Russia’s central bank halted purchases of foreign currency to replenish the country’s international reserves, a move that may lay the groundwork for a fifth interest-rate cut this year at a meeting on Friday.
The operations were suspended on July 28 as a result of “growth in volatility on the domestic currency market,” the regulator said in a statement on its website Wednesday. It said currency purchases were reduced to $160 million on Monday from $200 million a day last week. The ruble appreciated as much as 1.4 percent after the announcement, before paring gains.
The unexpected move sets the stage for policy makers to extend their easing cycle after a weaker ruble complicated lowering borrowing costs by threatening to reignite inflation. The interventions, compounded by a slump in oil prices, have sent the Russian currency tumbling more than 17 percent since the central bank began its push to rebuild reserves in mid-May, the world’s worst performance in that period.
“The central bank has some concerns that the weaker currency may jeopardize its inflation objective,” said Ivan Tchakarov, an economist at Citigroup Inc. in Moscow who predicts a half-point rate decrease. “With this decision in place, the central bank will feel much more comfortable cutting on Friday.”
The central bank will cut their key rate by a half point to 11 percent at their July 31 meeting, according to 25 of 34 forecasts in a Bloomberg survey. It’s already lowered the benchmark by a cumulative 5.5 percentage points this year following an emergency increase in December.
Looser policy is needed to combat Russia’s first recession in six years amid a slump in oil prices and U.S. and European sanctions over Russia’s support for rebels in Ukraine. Last year’s ruble collapse, the worst since 1998, spurred inflation to the fastest in 13 years and devastated consumer demand, a mainstay of Russia’s economic recovery since the 2008-2009 crisis.
The ruble traded 0.9 percent stronger at 59.4660 against the dollar at 1:14 p.m. in Moscow. Derivatives traders extended their bets on a decline in borrowing costs after the announcement.
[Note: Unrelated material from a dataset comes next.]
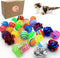 30 Pack LASOCUHOO Cat Toys Kitten Assortment - Rainbow, Crinkle, Sparkle, Bell & Sisal Balls for All Cats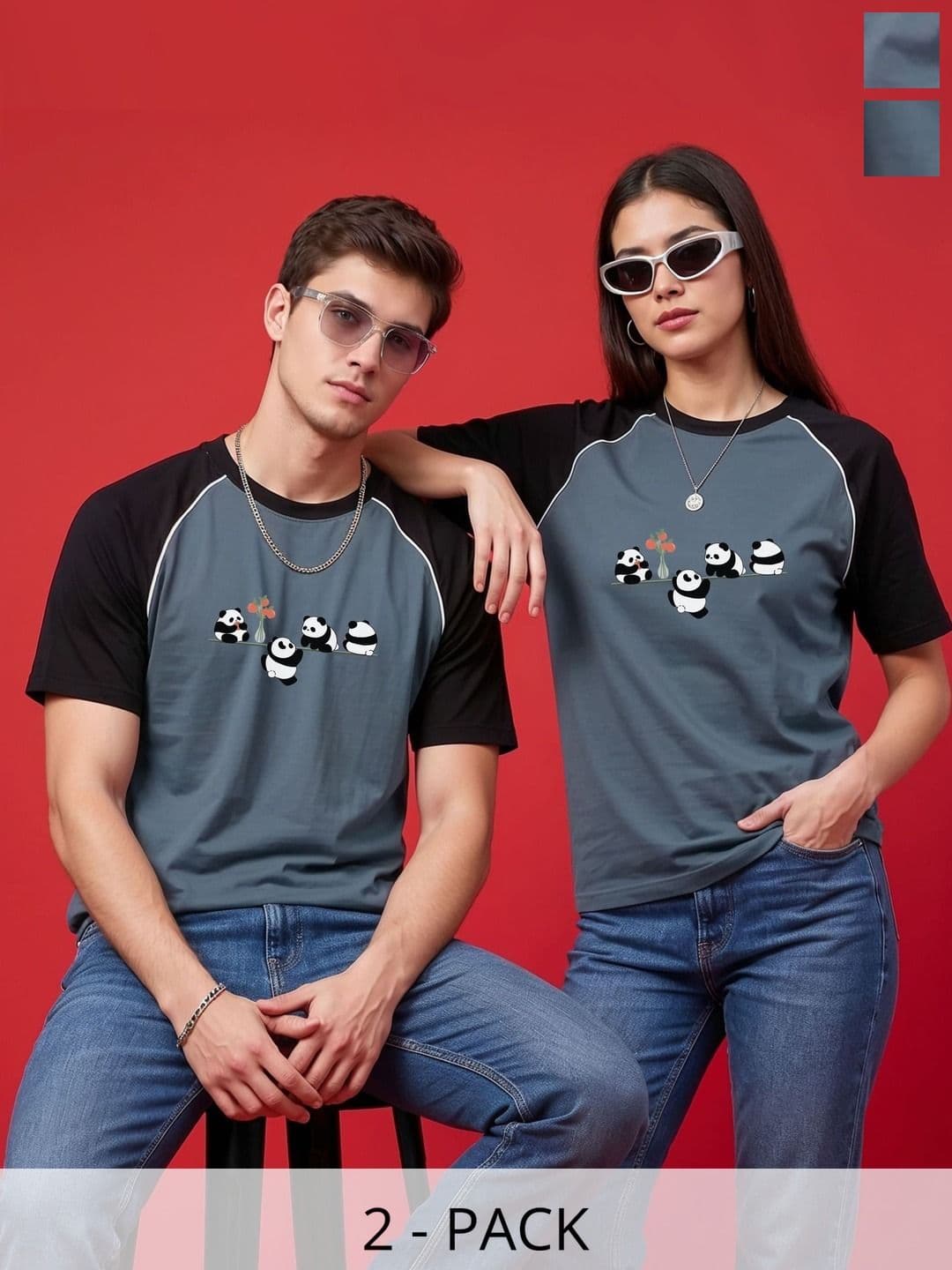 BAESD Unisex 2 Printed Twistform T-shirt - view 1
Forward-rate agreements are signaling 30 basis points of decreases in the next three months, up from 13 basis points on Tuesday.
“The Bank of Russia has repeatedly stated that it will minimize the impact of operations to replenish international reserves on the currency market, quickly adjusting the volume of purchases,” the central bank said in an e-mailed statement.
The central bank, which allowed the ruble to trade freely last year, has bought about $10 billion since resuming currency purchases on May 13.
The shift has prompted criticism from banks and officials as going against the regulator’s free-float policy, in which the market sets the exchange rate. The Bank of Russia has defended the interventions as compatible with its free float.
The ruble’s performance this week may determine what action the central bank will take, according to Liza Ermolenko, an analyst at London-based Capital Economics Ltd., which predicts a decrease of 50 basis points by the central bank.
“There is a pretty high possibility that they decide not to cut this time just in order not to destabilize the situation further,” she said by phone. “Of course, it depends on what happens to the ruble today and tomorrow, it also depends on what happens to oil prices.”